Hello EDA fellows.
I want to ask you something about clock driving for my 1uF flying capacitor. I'm making my LED driver IC now and my problem is how can I drive my 1uF external capacitor with my internally produced 1MHz clock. I'm afraid taper buffer would be very very large if I'm going to use it.
Calculation is simple: I = 2fC*δV (factor of 2 , because you have only about half the clock cycle time for loading; δV is C's ripple). So with f=1e6 and C=1e-6 you get twice the voltage ripple as current. No pb. with milliVolts of ripple, but surely if you have to reload hundreds of milliVolts per cycle.
Hello Sir, Erikl...
Thank you very much for your reply..
I'm so sorry but I can't relate to your computation for the current. My concern is this, Is there any other option of clock buffer aside from the taper buffer that I could used for my internally produced clock pulses. I already have the circuit of the clock pulse generator and it works fine.
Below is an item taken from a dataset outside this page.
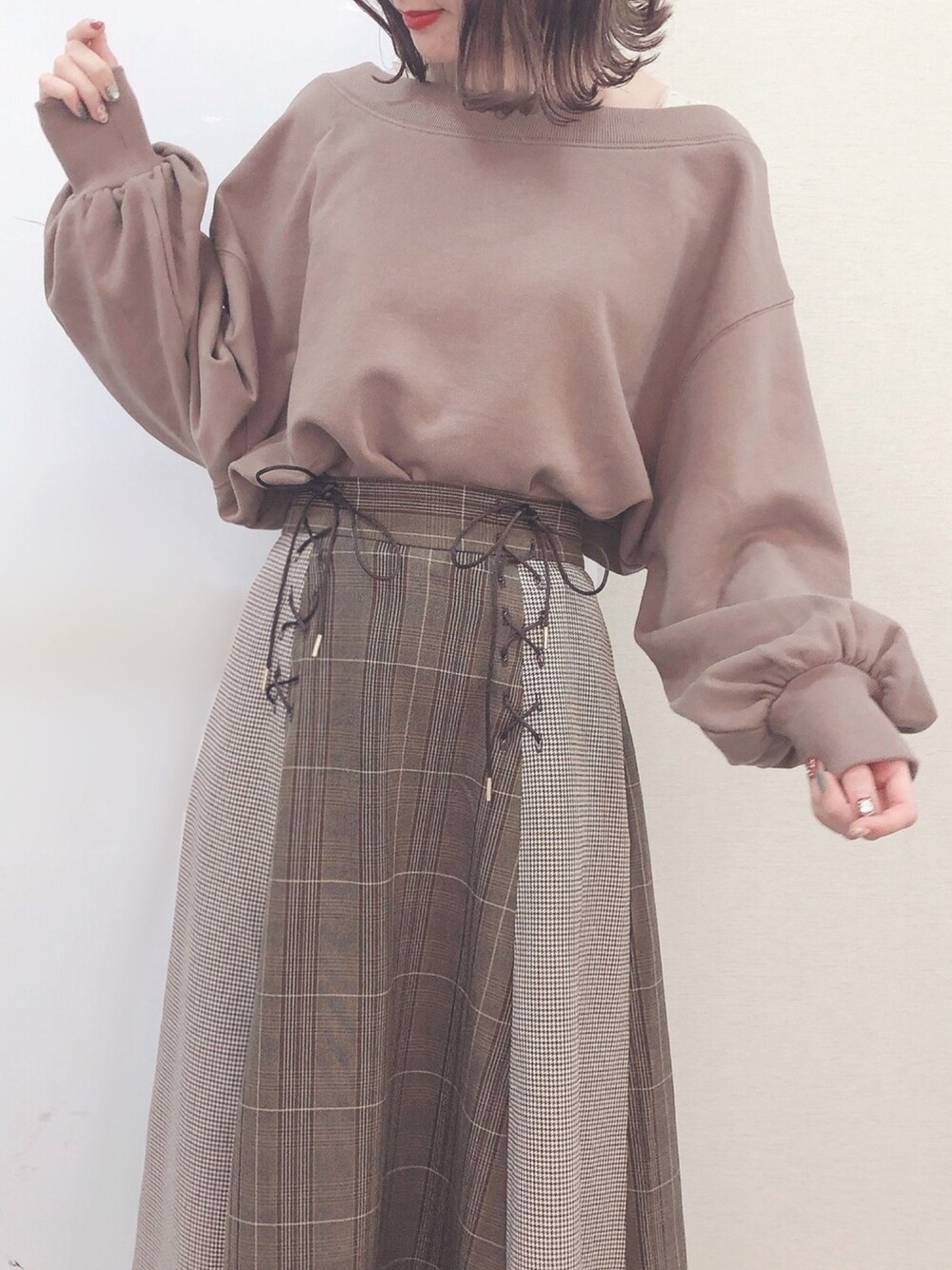 ブラウン系のスカート、ブラウン系のTシャツ/カットソーを着用したレディースの秋コーディネートの1枚目の写真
---------- Post added at 15:39 ---------- Previous post was at 15:34 ----------
Is the computed current is the amount of current that would flow through the inverter of the last stage of the taper buffer?
Neither do I know your process nor the clock buffers of your library, sorry! But if the biggest one isn't big enough, you could probably use a few of them in parallel (use multiplicity factor m).
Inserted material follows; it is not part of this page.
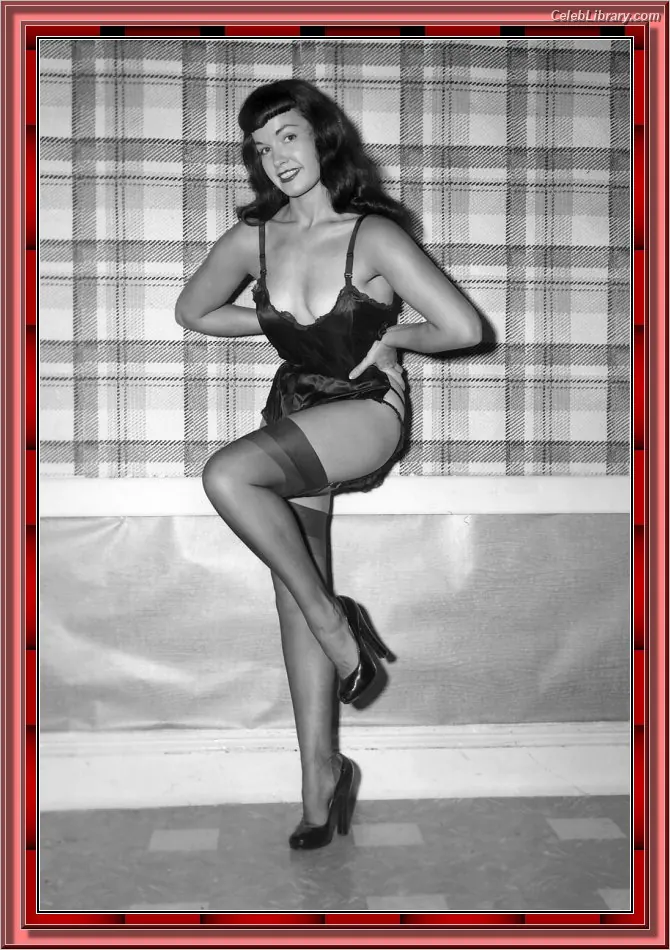 Bettie Page photo 2 of 1564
the clock before without any buffer or load produced 1MHz. However, when the clock is connected to the pump through a 10 stages taper buffer the resulting frequency is not the same. I can't understand what just happened.
Sometimes HSPICE shows internal timestep error, like internal timestep is too small. It is caused by convergence problem. You can try other simulator like Spectre.
Spectre's convergence is much better than HSPICE.
Sometimes HSPICE shows internal timestep error, like internal timestep is too small. It is caused by convergence problem. You can try other simulator like Spectre.
Spectre's convergence is much better than HSPICE.
I checked your waveform again. The first waveform shows another problem: The rising edge is much slow than falling edge. So driving capability in the buffer should be increased for this edge.
I checked your waveform again. The first waveform shows another problem: The rising edge is much slow than falling edge. So driving capability in the buffer should be increased for this edge.